Arizona business owner who exploited the American Indian Health Plan sentenced to over 5 years for AHCCCS fraud

 

Date: Aug. 23, 2024

Contact: newsroom@ci.irs.gov

Phoenix, AZ — Diana Marie Moore, of Mesa, was sentenced this week by United States District Judge Susan M. Brnovich to 66 months in prison, followed by three years of supervised release. Moore was also ordered to pay restitution to the Arizona Health Care Cost Containment System (AHCCCS) in the amount of $21,730,674.04. In addition, the Court ordered the forfeiture of four single-family homes owned by Moore as well as 117 other items, including seven luxury vehicles, designer apparel, luxury jewelry, and artwork. All the items were purchased by Moore using the proceeds of her fraud scheme. Moore pleaded guilty to Wire Fraud and Money Laundering on July 10, 2023.

Moore admitted that she owned two behavioral health counseling services, Harmony Family Services (HFS) and Harmony Family Services II (HFS II) and that she had also submitted the application for a third behavioral health counseling service, Logan Family Health, LLC (“LFH”). All three then applied to be medical providers for the Arizona Health Care Cost Containment System (AHCCCS), Arizona’s Medicaid agency- HFS applied in 2019, HFS II applied in 2020, and LFH applied in 2022. AHCCCS approved all three applications. At the time HFS and HFS II applied to AHCCCS, Moore failed to disclose her ownership interest in the other entity. Moore also failed to disclose her prior felony conviction, which was required to be disclosed on the AHCCCS application form.

Moore further admitted that she engaged in a fraudulent billing practice targeting AHCCCS and exploiting a program that enables Native Americans to seek behavioral health treatment without first obtaining a pre-payment review. Specifically, starting in January 2020, Moore began obtaining AHCCCS identification numbers for AHCCCS enrollees by paying other providers to transport AHCCCS enrollees to the HFS or HFS II facility for a single day, and then obtaining enrollees’ identification numbers once they arrived. Nearly all the AHCCCS enrollees billed for by Moore were members of the American Indian Health Plan. After these AHCCCS enrollees left the HFS or HFS II facility, Moore would submit bills to AHCCCS, which falsely claimed that HFS and HFS II continued providing services to those same enrollees for up to 90 days. Moore regularly claimed that HFS or HFS II provided counseling services to a given AHCCCS enrollee for eight or more hours each day, five days a week, for months in a row, even though Moore knew such services were not provided.
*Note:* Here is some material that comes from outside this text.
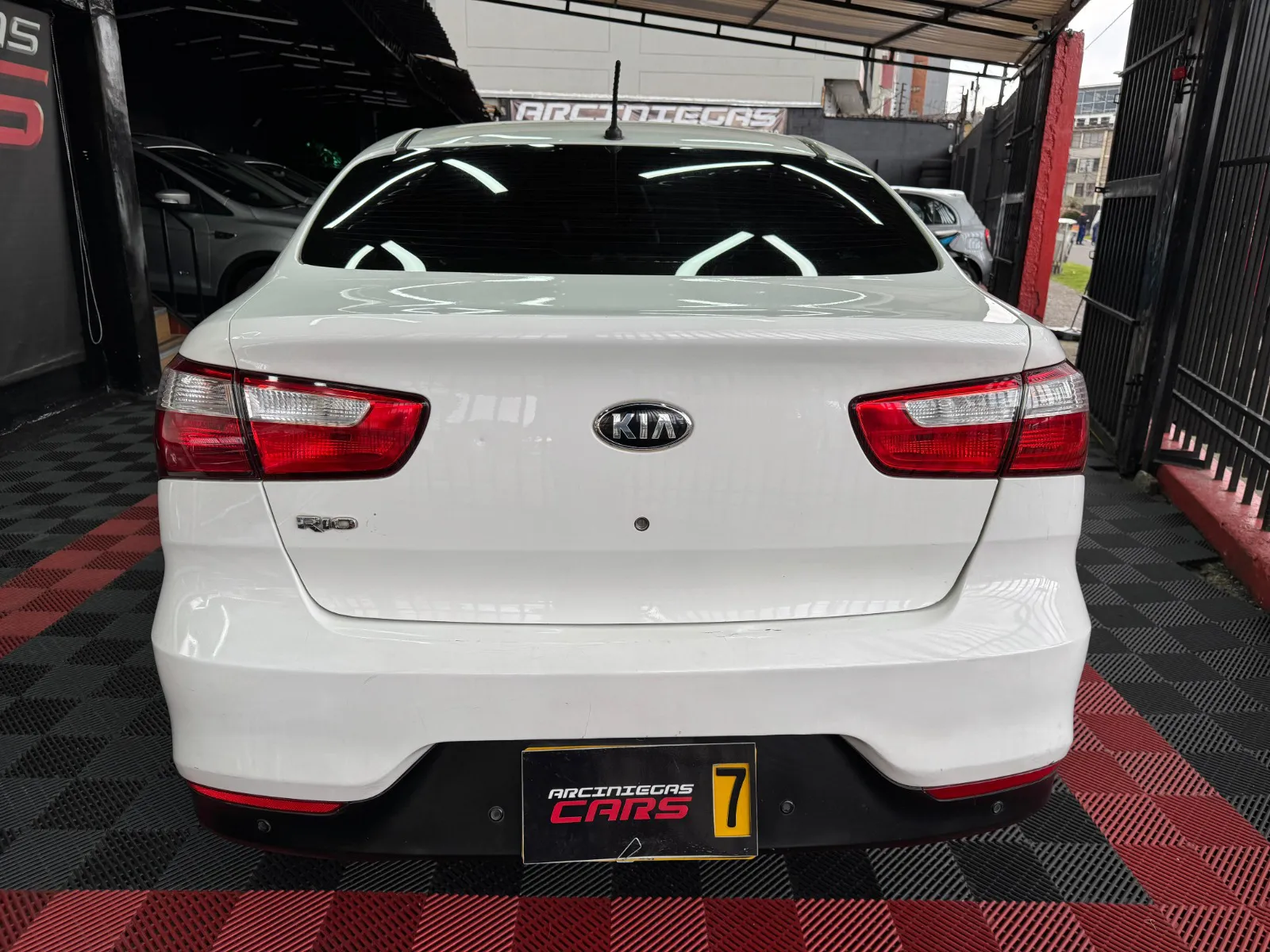 KIA RIO 2017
In addition, Moore submitted claims to AHCCCS, which falsely claimed that HFS or HFS II provided services to certain AHCCCS Enrollees who were, in fact, deceased or imprisoned at the time Moore claimed to have provided services.

At the sentencing hearing, the Court noted the particular harm done to the Native American populations in Arizona as a result of this type of fraud.

“The American Indian Health Plan exists to help an underserved community surmount barriers to treatment,” said United States Attorney Gary Restaino. “Defendant misused this program, and the unique identification numbers generated by it, to benefit herself -- in some cases by billing for patients she never treated, and in other cases by falsely inflating the duration of treatment. Thanks to the Internal Revenue Service for its financial acumen in bringing defendant to justice, and to the AHCCCS Inspector General’s Office for its valuable assistance.”

“The sentencing of Diana Moore should be a reminder there are serious consequences to this type of criminal behavior,” said Carissa Messick, IRS CI Special Agent in Charge, Phoenix Field Office. “IRS CI methodically works to bring fraudsters to justice and restore confidence in our public programs.”

Internal Revenue Service Criminal Investigation conducted the investigation in this case. Assistant U.S. Attorney Aron Ketchel, District of Arizona, Phoenix, handled the prosecution.

CI is the criminal investigative arm of the IRS, responsible for conducting financial crime investigations, including tax fraud, narcotics trafficking, money-laundering, public corruption, healthcare fraud, identity theft and more. CI special agents are the only federal law enforcement agents with investigative jurisdiction over violations of the Internal Revenue Code, obtaining a more than a 90 percent federal conviction rate. The agency has 20 field offices located across the U.S. and 12 attaché posts abroad.